WAYS funding obliterated

WAYS funding obliterated

As Youth Week kicked off last Saturday with the Bondi Blitz celebrations, Bondi’s young unemployed lost their specially targeted employment service.

WAYS Youth Services, one of only two specialist youth employment providers in NSW, has lost its $1.8 million yearly funding in times of rising unemployment and there is now no specialist youth provider in Eastern Sydney.

The Department of Education, Employment and Workplace Relations (DEEWR) tenders have been awarded to multinationals Max Employment (USA) and A4E (UK), and Marrickville-based community profit organisation MTC Work Solutions.

Early this week DEEWR had insisted no decision had yet been made, but WAYS chief executive Russell King was certain his not-for profit organisation was about to be gutted in the latest round of job agency tenders.

And he was right.

On Wednesday, the federal government announced 141 providers and 48 sub-contractors had been chosen to run the new Job Services Australia (JSA) scheme, which replaces the Howard government’s Job Network.

WAYS received the bad news on Thursday afternoon, by email.

“This is a sad and tragic day for the community, the young people, and our organisation,” Mr King said.

“Despite putting thousands of young people in jobs and education over the years, WAYS is not considered good enough to continue this work and will be replaced by two overseas ‘welfare for profit’ organisations,  and a particularly aggressive Marrickville-based organisation.”

WAYS has provided federally-funded youth employment services since 1992 across five local government areas from Botany to Redfern and Waterloo.
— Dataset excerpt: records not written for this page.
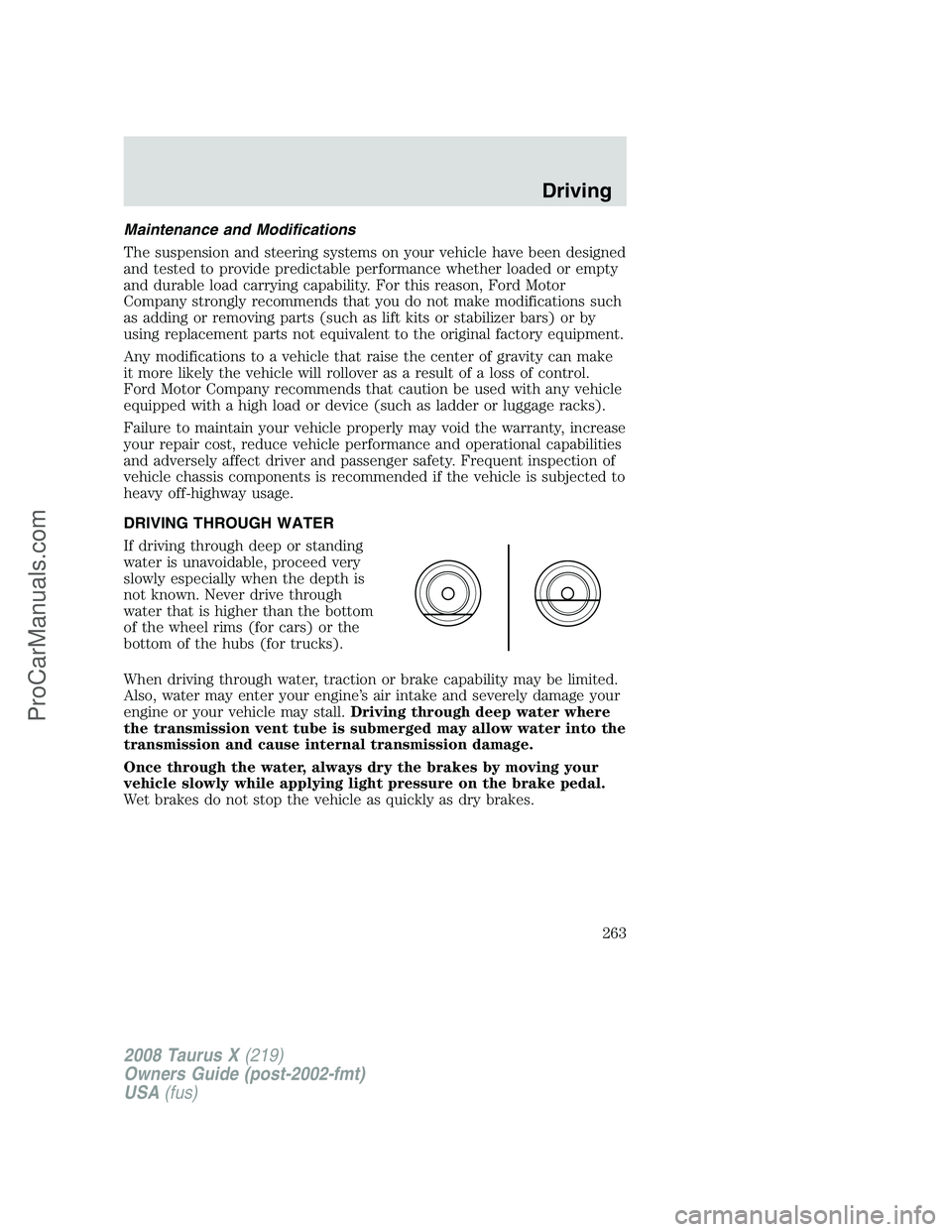 FORD FREESTYLE 2008  Owners Manual Maintenance and Modifications
The suspension and steering systems on your vehicle have been designed
and tested to provide predictable performance whether loaded or empty
and durable load carrying cap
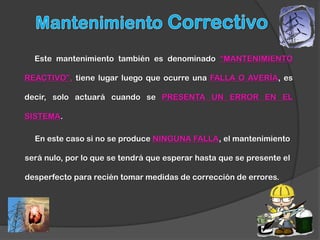 Este mantenimiento también es denominado “MANTENIMIENTO

REACTIVO”, tiene lugar luego que ocurre una FALLA O AVERÍA, es

decir, solo actuará cuando se PRESENTA UN ERROR EN EL

SISTEMA.

  En este caso si no se produce NINGUNA FALLA, el mantenimiento

será nulo, por lo que se tendrá que esperar hasta que se presente el

desperfecto para recién tomar medidas de corrección de errores.
 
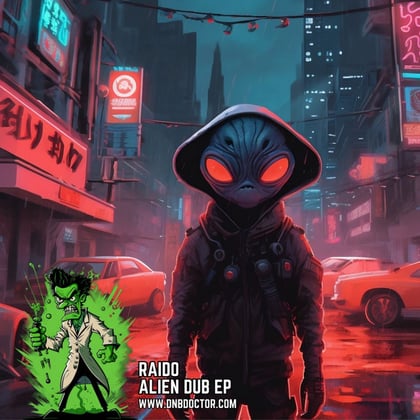 Alien Dub EP album by RAIDO - Drum and Bass Cover Art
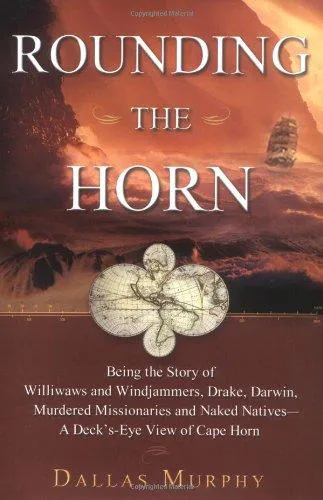 Dallas Murphy: Rounding the Horn : Being the Story of Willwaws and Windjammers, Drake, Darwin, Murdered Missionaries and Naked Natives - a Deck's Eye View of Cape Horn (2004)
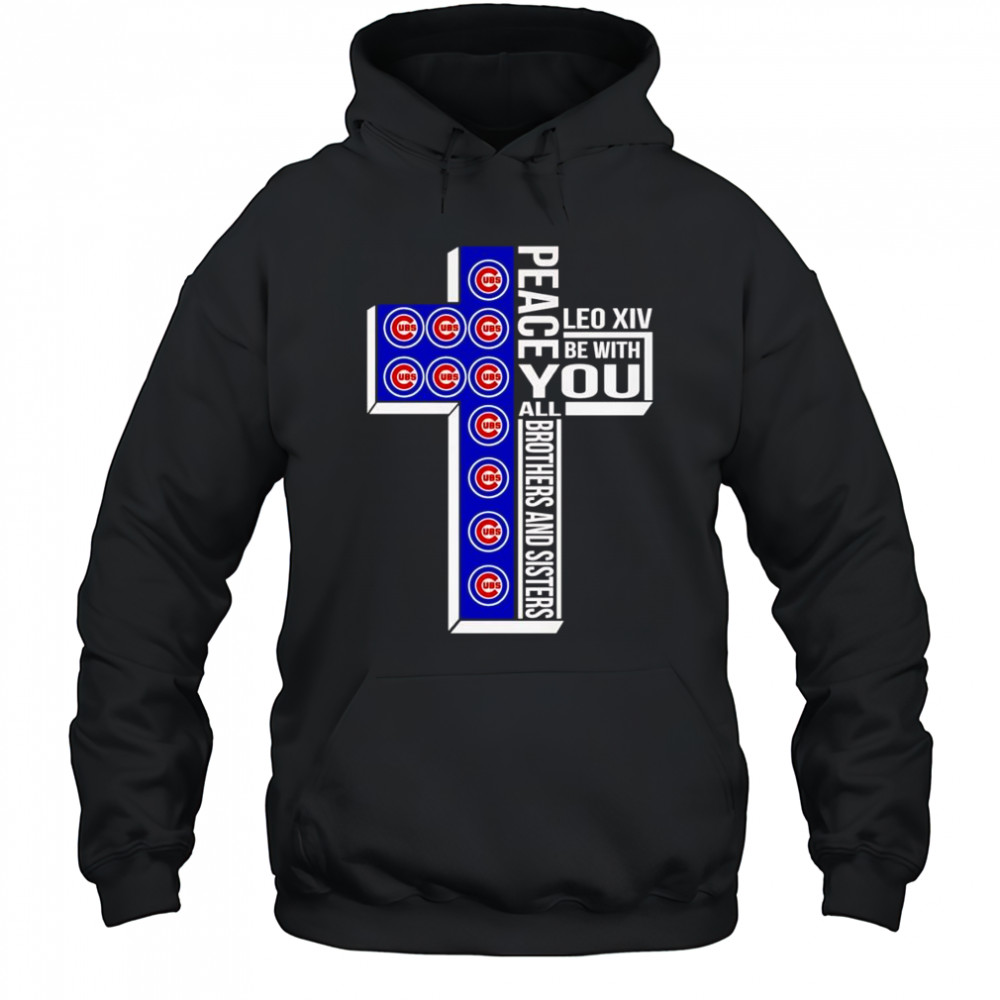 Peace Leo XIV be with you all brothers and sisters Chicago Cubs shirt Hoodie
It has nearly 800 young people on its books, many of them homeless, dealing with mental health or drug and alcohol problems.
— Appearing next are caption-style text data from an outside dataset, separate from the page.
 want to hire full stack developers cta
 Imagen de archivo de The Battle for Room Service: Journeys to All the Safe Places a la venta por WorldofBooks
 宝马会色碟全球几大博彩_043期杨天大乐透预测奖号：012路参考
“Under our current contract we are servicing some of the most disadvantaged young people in eastern Sydney,” Mr King said. “It takes years to build up an effective program to deal with these problems. We work on the whole problem, including drug and alcohol issues, accommodation, literacy, clothing, shoes and food. You cannot possibly get a job if you don’t have a home address.”

He said evidence has shown that when youth at risk are forced to use a variety of providers for their health, welfare and employment needs, they fall between the cracks.

The WAYS programs have been very successful and competitive, even against American multinational Max Employment, one of the biggest providers in the country.

“We should get the tender because we’re part of the community and by all assessments, we have performed.  We’re good at what we do,” Mr King said on Tuesday. “I find it hard to believe we’d lose funding at a time of high unemployment.”

But now that WAYS has lost its funding, it will have to let go 25 specialist staff and close its Redfern and Maroubra offices, and the Bondi Junction and Bondi Beach branches will need to be scaled down.

Also under threat will be the WAYS specialist alternative school.

Mr King said that over the last decade under the Howard Government community organisations had been squeezed out in favour of private providers. “The new government has accelerated this in one fell swoop,” he said.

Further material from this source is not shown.